History Corner: A Fraught First Winter in Montpelier
We don’t know much about the first winter passed by Montpelier’s first permanent settlers, but we do know 1787–88 was so snowy it stranded part of a family for months. The family, headed by Revolutionary War Colonel Jacob Davis, was stationed in Brookfield, Vermont, as they incrementally moved from Massachusetts beginning in 1787. Davis had previously joined 60 other people to charter Montpelier in 1781. But when he was ready to settle a few years later, the land was still wilderness. Davis’s wife (Rebecca), sons (Jacob and Thomas), and five daughters (Susannah, Rebecca, Mary “Polly,” Hannah, and Lucy) needed food and shelter, so he headed to their land in spring with his sons and nephew, Parley Davis, to make it liveable.
He left his wife and five daughters in Brookfield, according to Daniel P. Thompson in his “History of the town of Montpelier, from the time it was first chartered in 1781 to the year 1860.” (Davis’s sixth daughter, Clarissa, was the first baby born in Montpelier in 1789). The men cleared the land, tilled for planting, and by late fall had built a log cabin, Thompson writes.
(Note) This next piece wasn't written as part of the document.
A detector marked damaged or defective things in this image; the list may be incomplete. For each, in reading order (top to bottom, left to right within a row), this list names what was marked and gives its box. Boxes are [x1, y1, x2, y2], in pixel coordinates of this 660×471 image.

They harvested the first crop and headed back to Brookfield — the closest settled town. Brookfield was then a wayside stop for many settlers on their way north via a trail near the west side of Berlin Pond, according to Edson Bigelow in his “Old Roads” book.
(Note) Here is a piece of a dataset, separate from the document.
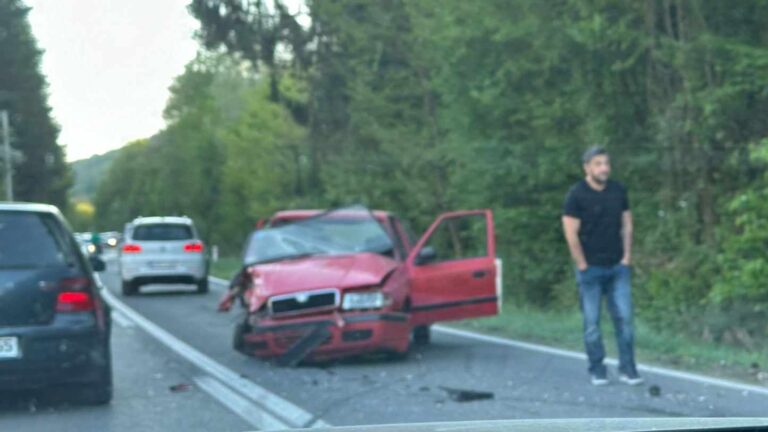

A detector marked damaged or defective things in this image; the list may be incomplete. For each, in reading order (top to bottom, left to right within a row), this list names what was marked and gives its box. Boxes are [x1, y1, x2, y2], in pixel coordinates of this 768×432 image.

broken bumper [243, 310, 412, 362]
wrecked red car [219, 206, 500, 364]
As for what happened next, Thompson writes, “Colonel Davis gave up work for the season, and, with his sons, returned to Brookfield, for the purpose of getting the family in readiness for removal, and then removing them all, with their goods, with the fall of the first snow of a depth sufficient to make passable sledding.” Enough snow fell in December, so Jacob Jr., 19, and Thomas Davis, 15, brought their two sisters, Rebecca, 17, and Polly, 14, and as much furniture as they could carry. Thomas then stayed in the rustic Montpelier shelter with his sisters while Jacob Jr. went back to Brookfield for another trip. However, a “series of blocking snowstorms” prevented other family members from joining them until March, the following year. So from December through March, Thompson tells us, Thomas, Rebecca, and Polly anxiously stayed at the cabin without seeing another human until the rest of the family could travel.